Andy Blignaut

Personal information
- Full name: Arnoldus Mauritius Blignaut
- Born: 1 August 1978 (age 48) Salisbury, Rhodesia
- Batting: Left-handed
- Bowling: Right-arm medium-fast
- Role: All-rounder

International information
- National side: Zimbabwe (1999–2010);
- Test debut (cap 48): 19 April 2001 v Bangladesh
- Last Test: 20 September 2005 v India
- ODI debut (cap 56): 2 September 1999 v West Indies
- Last ODI: 3 June 2010 v India
- ODI shirt no.: 99
- Only T20I (cap 25): 4 May 2010 v New Zealand

Career statistics
| Competition | Test | ODI | FC | LA |
| Matches | 19 | 54 | 57 | 80 |
| Runs scored | 886 | 626 | 2,375 | 915 |
| Batting average | 26.84 | 18.96 | 27.61 | 17.59 |
| 100s/50s | 0/6 | 0/5 | 2/15 | 0/6 |
| Top score | 92 | 63* | 194 | 63* |
| Balls bowled | 3,173 | 2,348 | 8,112 | 3,341 |
| Wickets | 53 | 50 | 133 | 70 |
| Bowling average | 37.05 | 41.26 | 36.55 | 42.47 |
| 5 wickets in innings | 3 | 0 | 3 | 0 |
| 10 wickets in match | 0 | 0 | 0 | 0 |
| Best bowling | 5/73 | 4/43 | 5/73 | 4/43 |
| Catches/stumpings | 13/– | 11/– | 40/– | 17/– |
- Source: ESPNcricinfo, 2 September 2017

= Andy Blignaut =

Zimbabwean cricketer (born 1978)

Arnoldus Mauritius Blignaut (born 1 August 1978) is a Zimbabwean former cricketer, who played all formats of the game. He was a right-arm fast-medium bowler, also known as a hard-hitting batsman in ODIs, where he frequently scored a fast rate; though he was seldom able to sustain this form and keeping his wicket intact through many overs. He more often played ODIs, where many runs in a short time are desired, than Tests.

==International career==
On his Test debut, he took five wickets in the first innings against Bangladesh in Bulawayo in 2001. Blignaut took a hat-trick against Bangladesh in a Test match at Harare on 22 February 2004. He is the only bowler to take a Test hat-trick for Zimbabwe.

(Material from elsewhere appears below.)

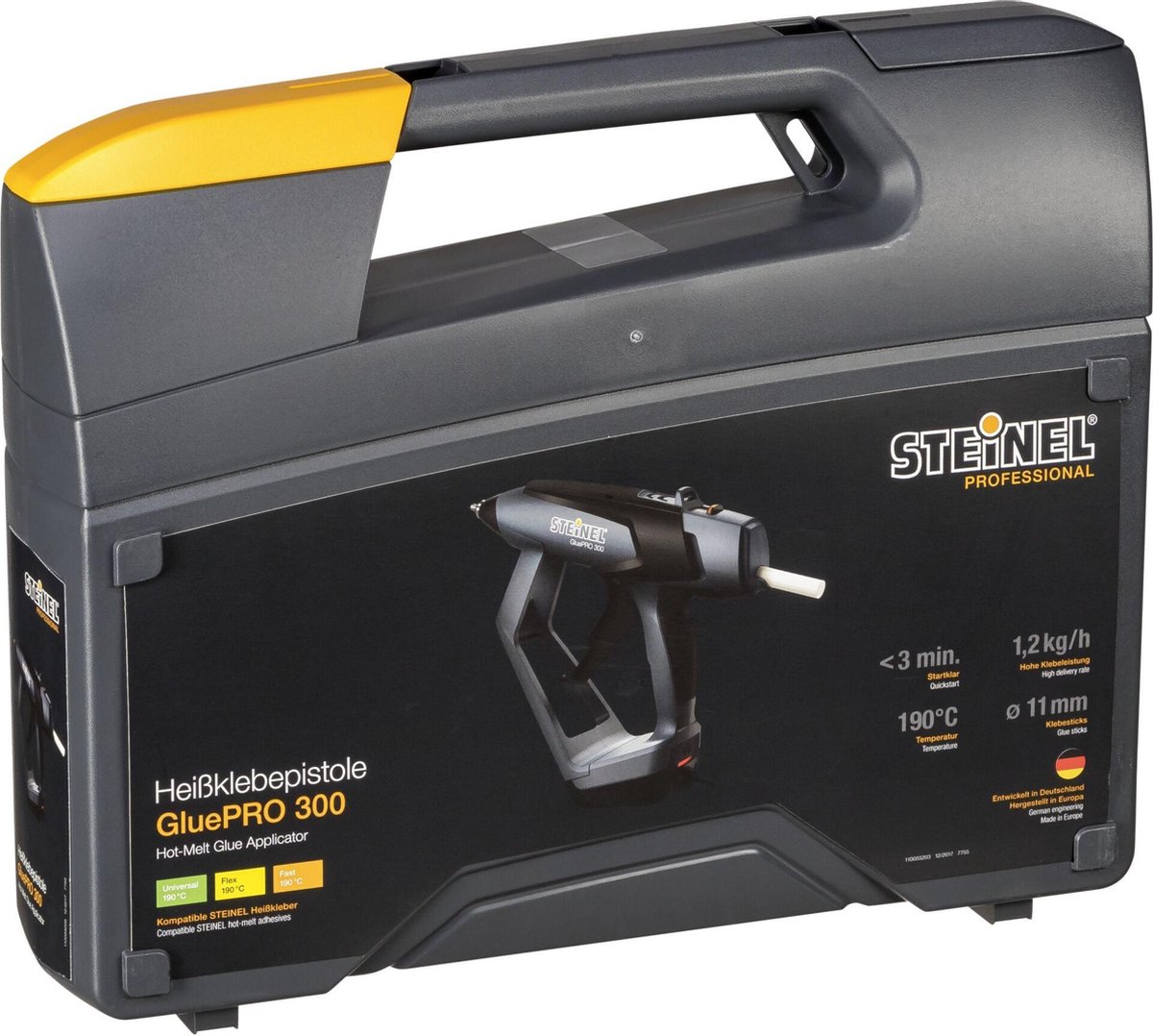 Steinel Lijmpistool GluePRO 300 - 035280 035280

Like Travis Friend and Henry Olonga before him, Blignaut was one of the few Zimbabwean bowlers who could exceed 90 mph. In a land full of medium-fast bowlers, Blignaut (on his day) formed a lethal opening combination with the dependable Heath Streak, often rushing the batsmen for pace off the wicket. In an ODI against England at Durham in 2003, he bowled a 93 mph thunderbolt to England allrounder Andrew Flintoff. In the same game, however, he went at 10 runs an over, getting neither his line nor his length right.
He remained Zimbabwe's wild card, especially in the shorter formats, with the ability to either win or lose a game in a matter of overs.

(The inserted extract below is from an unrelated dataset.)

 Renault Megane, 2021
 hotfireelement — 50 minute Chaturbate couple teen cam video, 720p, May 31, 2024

After playing the series against New Zealand and India in 2005, he withdrew from Zimbabwe selection over not being paid.

His ODI strike-rate is over 100, with a high score of 63 not out, and an average of just 19. His bowling average is just above 41, with best bowling figures of 4/43, and an economy of 5.34. He was also a fine fielder.

He made a brief comeback after his initial retirement and made his T20I debut for Zimbabwe in the 2010 T20 World Cup, which was his final international appearance.

==Domestic career==
In the Australian season 2004–05, Blignaut was contracted to play for Tasmania. Injury and poor form prevented him from playing all but a couple of games for the state. He even struggled to make an impact at club level. Eventually he returned to Zimbabwe to re-join the Test team. The second year of his contract with Tasmania was cancelled.

He signed a contract with South African domestic team Highveld Lions for 2006 season. After 2006, he disappeared from cricket for a few years before returning in 2010 for a few matches for Zimbabwe.

==After cricket==
His twin sons Kian and Michael are also cricketers.
He works in the family business in Zimbabwe, and has been coaching cricket in the country.